What you are asked to do. Your answer must be the lines from the one containing "gumla murder case" through the last line below, copied exactly, with no pictures.

-*-*-

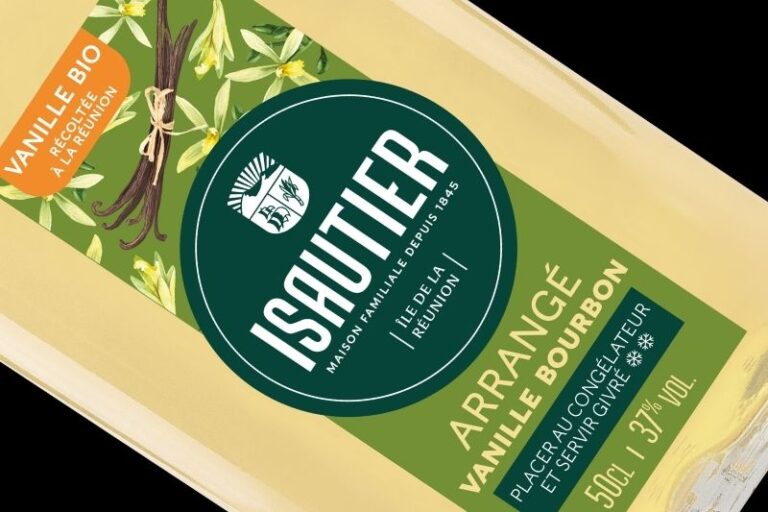 L’Arrangé Vanille Bourbon Isautier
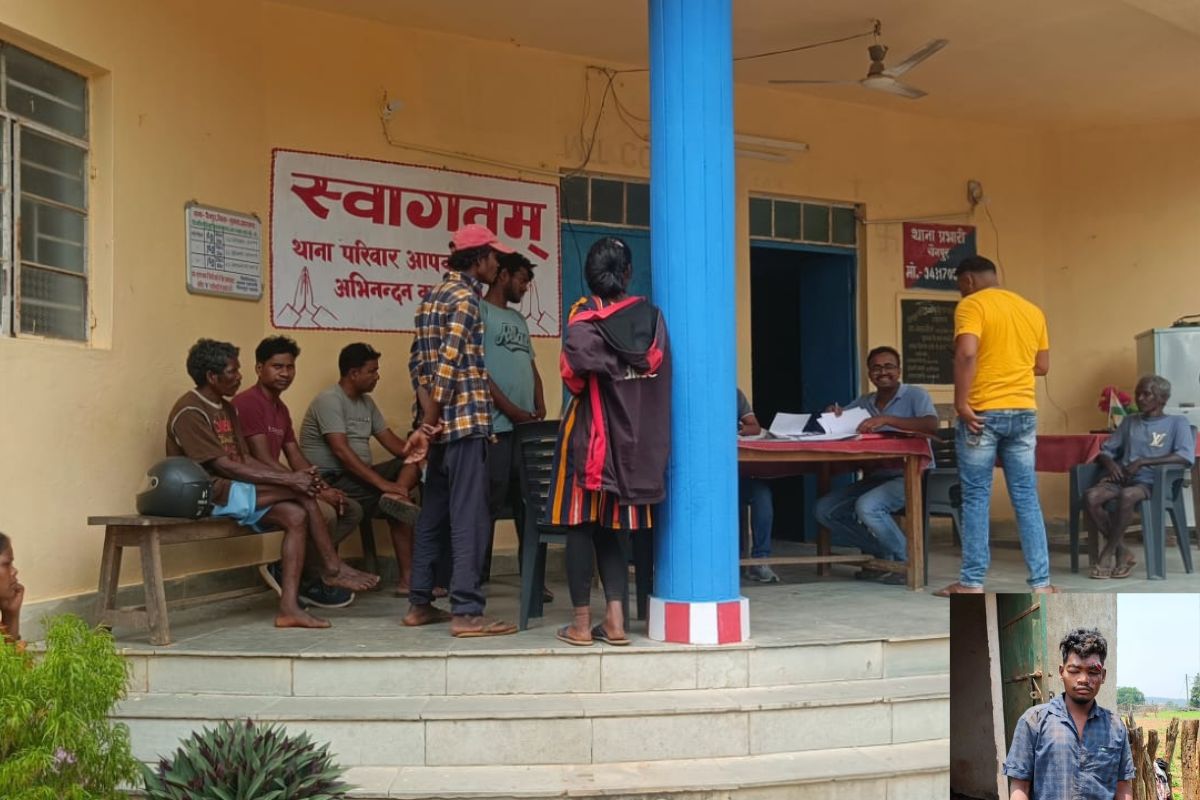 gumla murder case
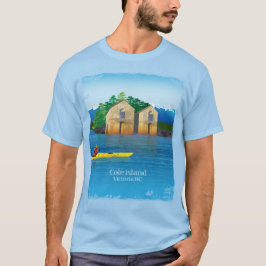 Cole Island T-shirt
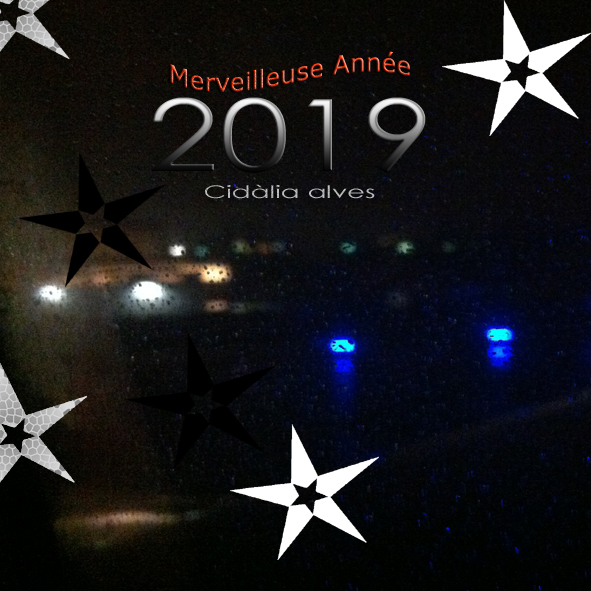 Merveilleuse Année 2019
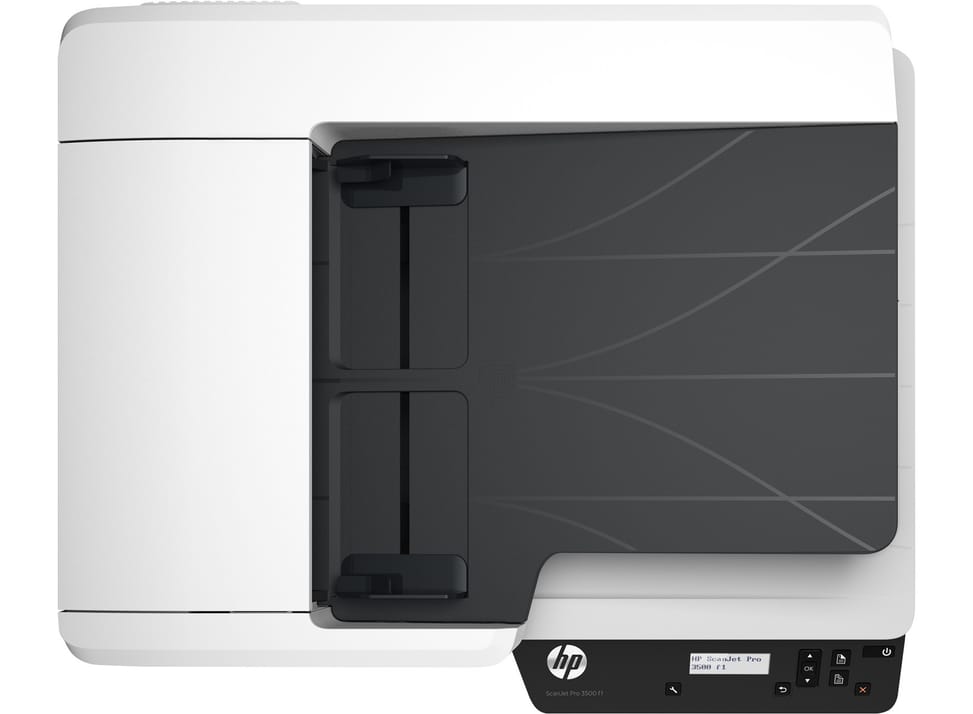 Scanner à plat HP ScanJet Pro 2500 f1 (L2747A)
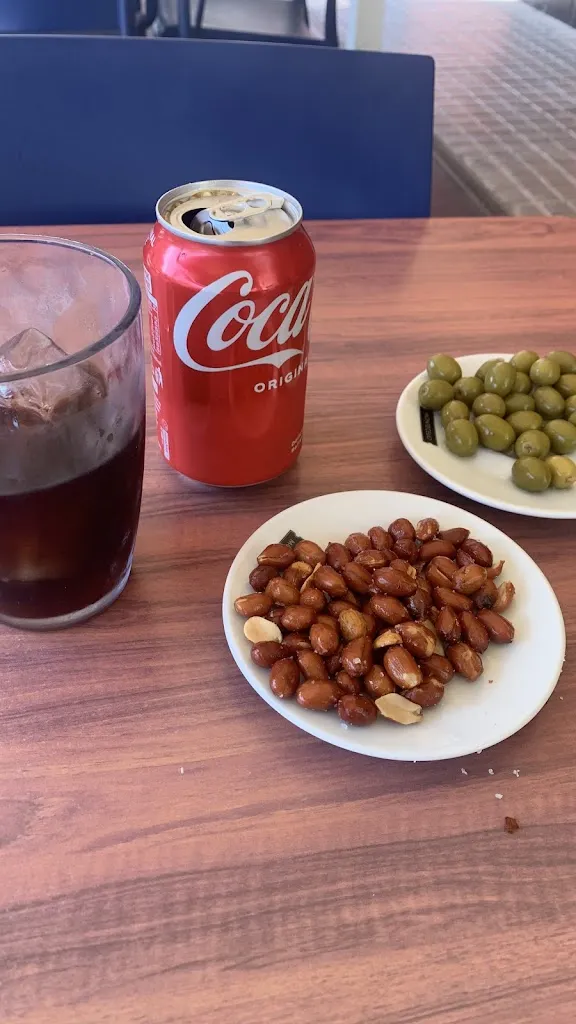 Iñaki Gonzalez_Chamber's cafe_Almenara_review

-*-*-

Result of the exercise.
 gumla murder case
 Cole Island T-shirt
 Merveilleuse Année 2019
 Scanner à plat HP ScanJet Pro 2500 f1 (L2747A)
 Iñaki Gonzalez_Chamber's cafe_Almenara_review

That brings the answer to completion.